The full listing, minus its pictures, should be printed again exactly as it stands.

::: Excerpted records :::

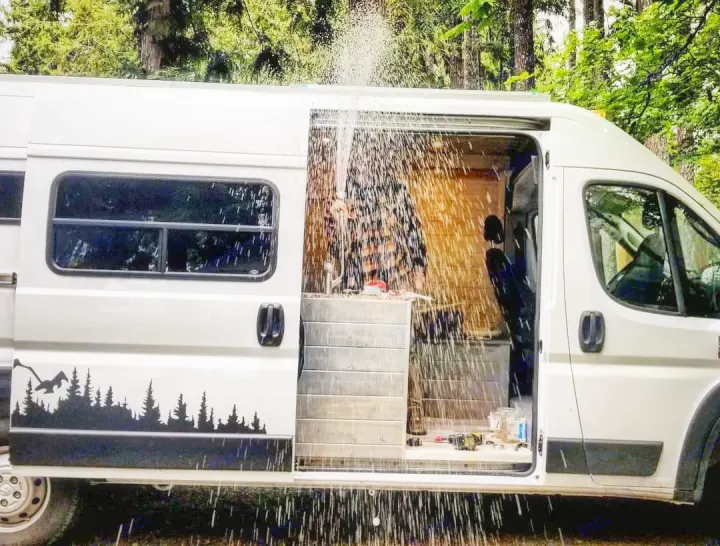 Experience outdoor showers in an RV rental! This custom camper van offers a refreshing mobile bathing solution amidst nature.. Dodge Ram Promaster 2500 2019
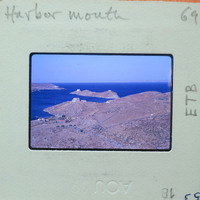 A vintage photograph of a coastal landscape with islands, water, and land features.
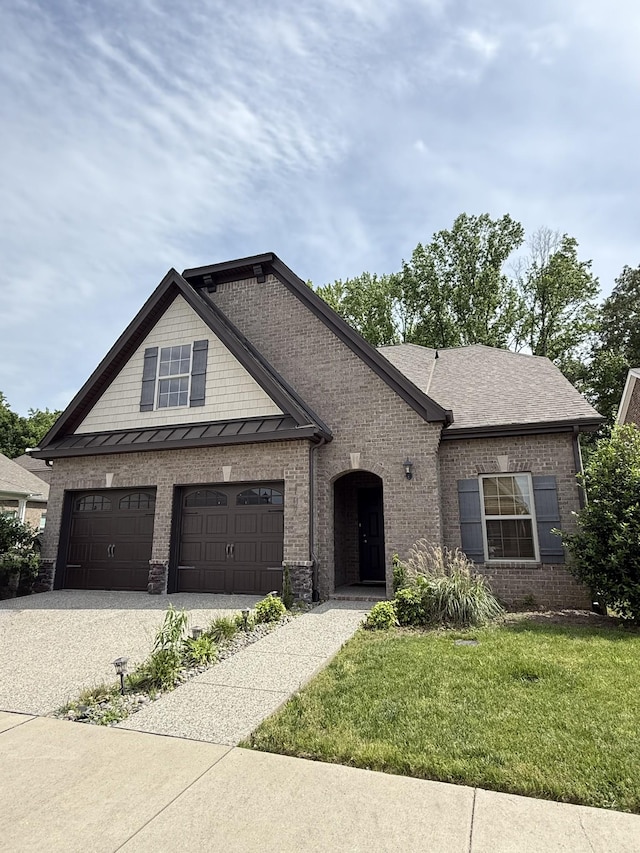 107 Auxley Ct, White House, TN 37188 - view of front facade with driveway, brick siding, a front lawn, an attached garage, and a standing seam roof
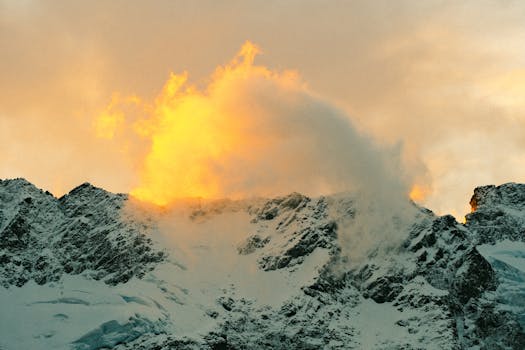 Golden sunrise illuminating snow-covered mountains in New Zealand, creating a dramatic and scenic view.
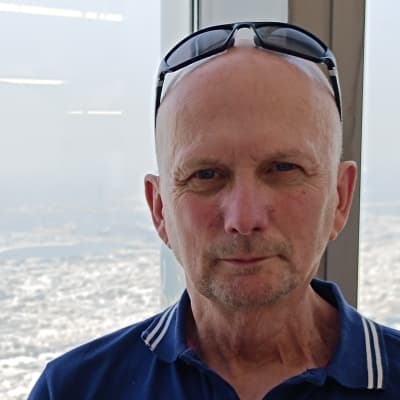 A person with sunglasses on top of their head, wearing a blue polo shirt, standing in front of a window in a tall building.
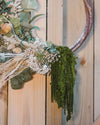 A dried flower wreath made up of eucalyptus, white ruscus, amaranthus and other dried flowers on a twisted wooden wreath.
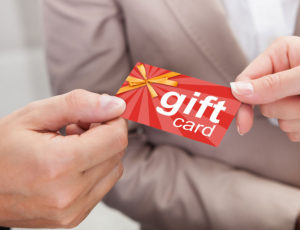 Red gift card held by two hands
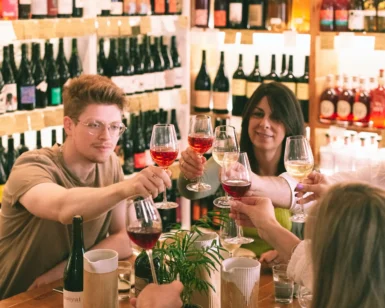 En una acogedora tienda de vinos, la gente disfrutó de la "Cata de 5 Vinos Naturales y 5 Quesos: Una Experiencia para Amantes del Buen Sabor", alzando copas de vinos naturales en medio de estantes llenos de botellas. - ForTwo - Planes para parejas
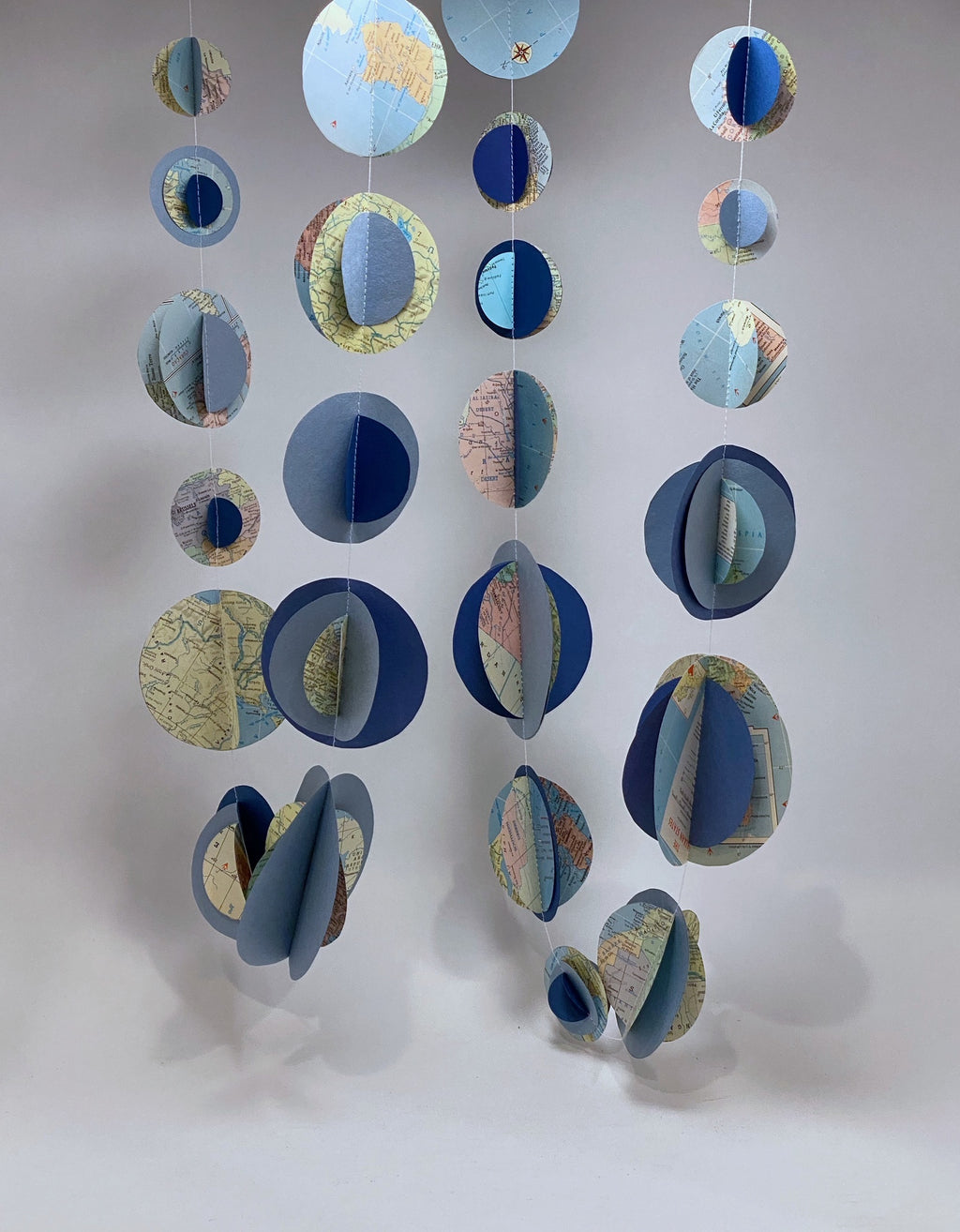 Decorative mobile with circular elements resembling planets or moons, garland made of paper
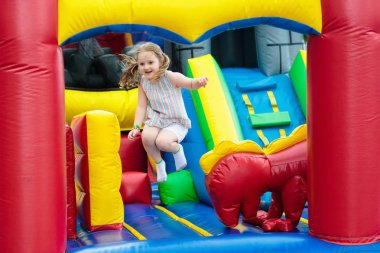 Renkli Bahçesi trambolin üzerinde atlama çocuk. Çocuklar şişme sıçrama kalede anaokulu doğum günü partisi aktivite üzerinde atlamak ve genç çocuk Merkezi oynamak. Küçük kız açık havada yaz aylarında oynamaktan.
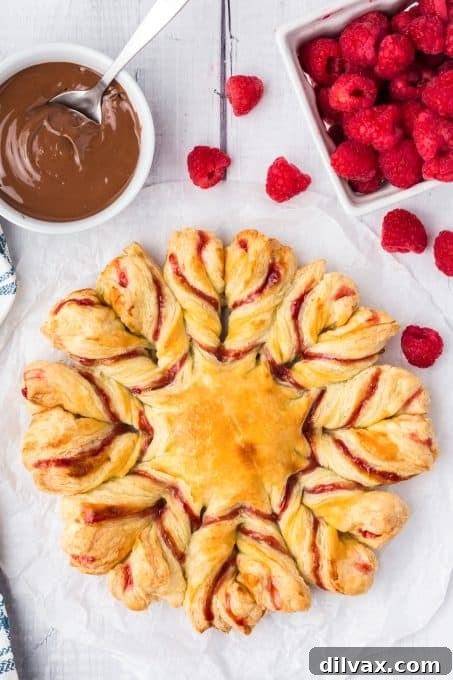 Swirling Raspberry Star Bread 3 Close-up shot of the finished Raspberry Star Bread, showcasing its beautiful twisted pattern and golden-brown crust.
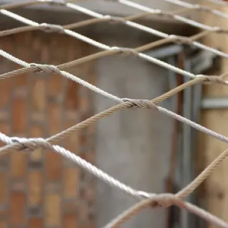 Сетка нержавеющая тросовая с параллельным узловым креплением и ромбической ячейкой Н1 7х7 AISI 304 40х69х2 мм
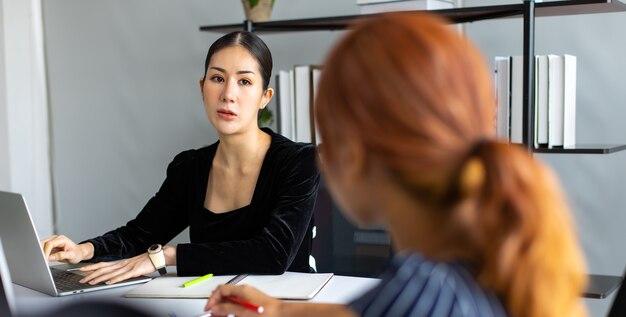 Aziatische ondernemer vrouw druk bezig met werken en vergaderen in het kantoor aan huis.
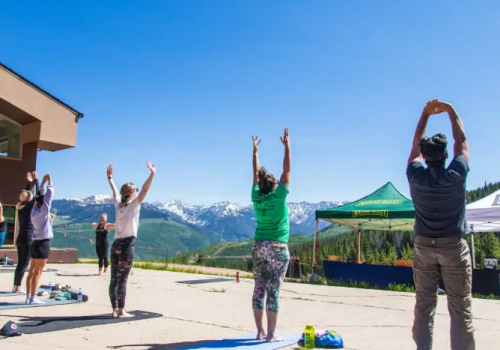 A group of people is doing yoga outside on mats with a scenic mountain view and clear blue skies, participating in a standing stretch.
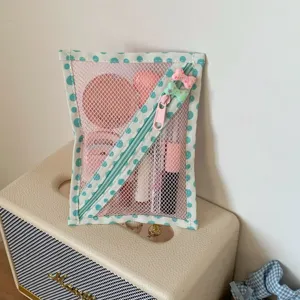 Detailweergave van de mintgroene stippen nettas met cosmetica artikelen erin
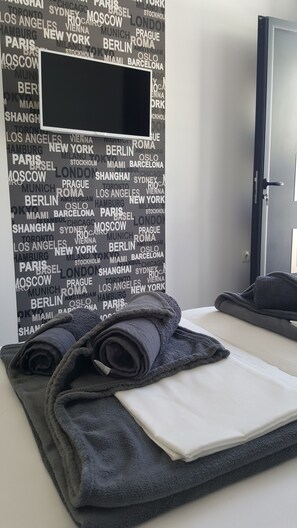 A hotel room with a bed, a folded towel, and a wall with city names. - Grey house (Makarska)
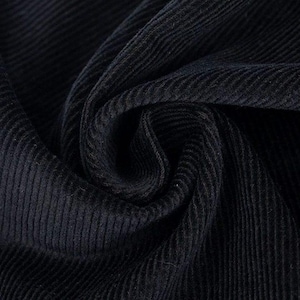 May include: Close-up of a swatch of dark navy blue corduroy fabric. The fabric is folded and draped, showing the texture of the ribbed material. The color is a deep, solid shade of blue.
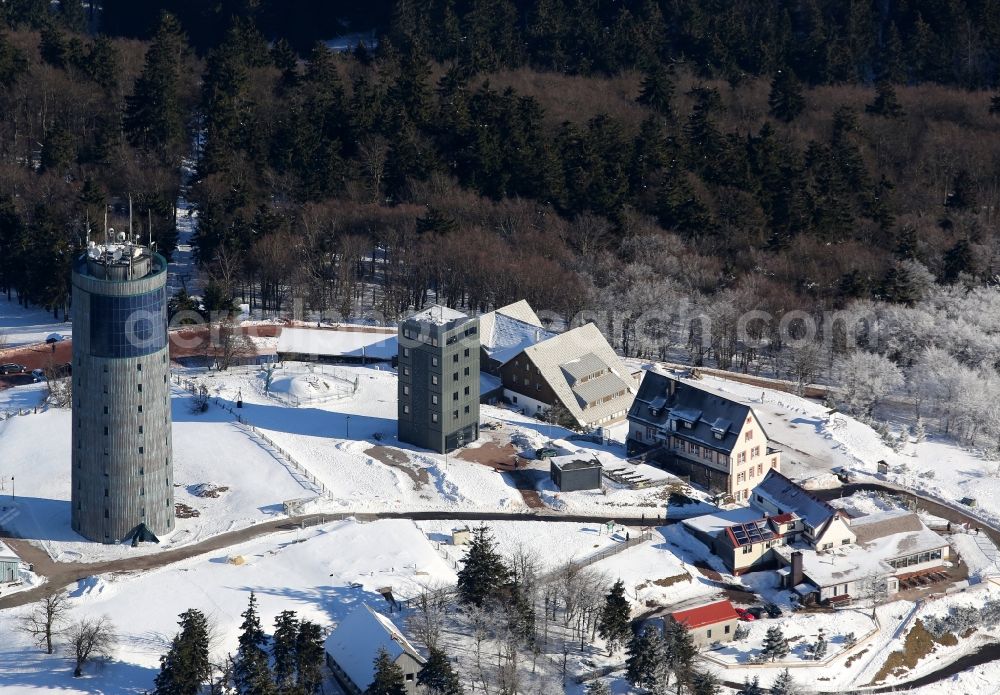 Aerial photograph Kurort Brotterode - Winter landscape of snowy mountain peak of the mountain Inselsberg with an observation tower and radio tower in Brotterode in Thuringia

:::

▶ **Output for this task**:
 Experience outdoor showers in an RV rental! This custom camper van offers a refreshing mobile bathing solution amidst nature.. Dodge Ram Promaster 2500 2019
 A vintage photograph of a coastal landscape with islands, water, and land features.
 107 Auxley Ct, White House, TN 37188 - view of front facade with driveway, brick siding, a front lawn, an attached garage, and a standing seam roof
 Golden sunrise illuminating snow-covered mountains in New Zealand, creating a dramatic and scenic view.
 A person with sunglasses on top of their head, wearing a blue polo shirt, standing in front of a window in a tall building.
 A dried flower wreath made up of eucalyptus, white ruscus, amaranthus and other dried flowers on a twisted wooden wreath.
 Red gift card held by two hands
 En una acogedora tienda de vinos, la gente disfrutó de la "Cata de 5 Vinos Naturales y 5 Quesos: Una Experiencia para Amantes del Buen Sabor", alzando copas de vinos naturales en medio de estantes llenos de botellas. - ForTwo - Planes para parejas
 Decorative mobile with circular elements resembling planets or moons, garland made of paper
 Renkli Bahçesi trambolin üzerinde atlama çocuk. Çocuklar şişme sıçrama kalede anaokulu doğum günü partisi aktivite üzerinde atlamak ve genç çocuk Merkezi oynamak. Küçük kız açık havada yaz aylarında oynamaktan.
 Swirling Raspberry Star Bread 3 Close-up shot of the finished Raspberry Star Bread, showcasing its beautiful twisted pattern and golden-brown crust.
 Сетка нержавеющая тросовая с параллельным узловым креплением и ромбической ячейкой Н1 7х7 AISI 304 40х69х2 мм
 Aziatische ondernemer vrouw druk bezig met werken en vergaderen in het kantoor aan huis.
 A group of people is doing yoga outside on mats with a scenic mountain view and clear blue skies, participating in a standing stretch.
 Detailweergave van de mintgroene stippen nettas met cosmetica artikelen erin
 A hotel room with a bed, a folded towel, and a wall with city names. - Grey house (Makarska)
 May include: Close-up of a swatch of dark navy blue corduroy fabric. The fabric is folded and draped, showing the texture of the ribbed material. The color is a deep, solid shade of blue.
 Aerial photograph Kurort Brotterode - Winter landscape of snowy mountain peak of the mountain Inselsberg with an observation tower and radio tower in Brotterode in Thuringia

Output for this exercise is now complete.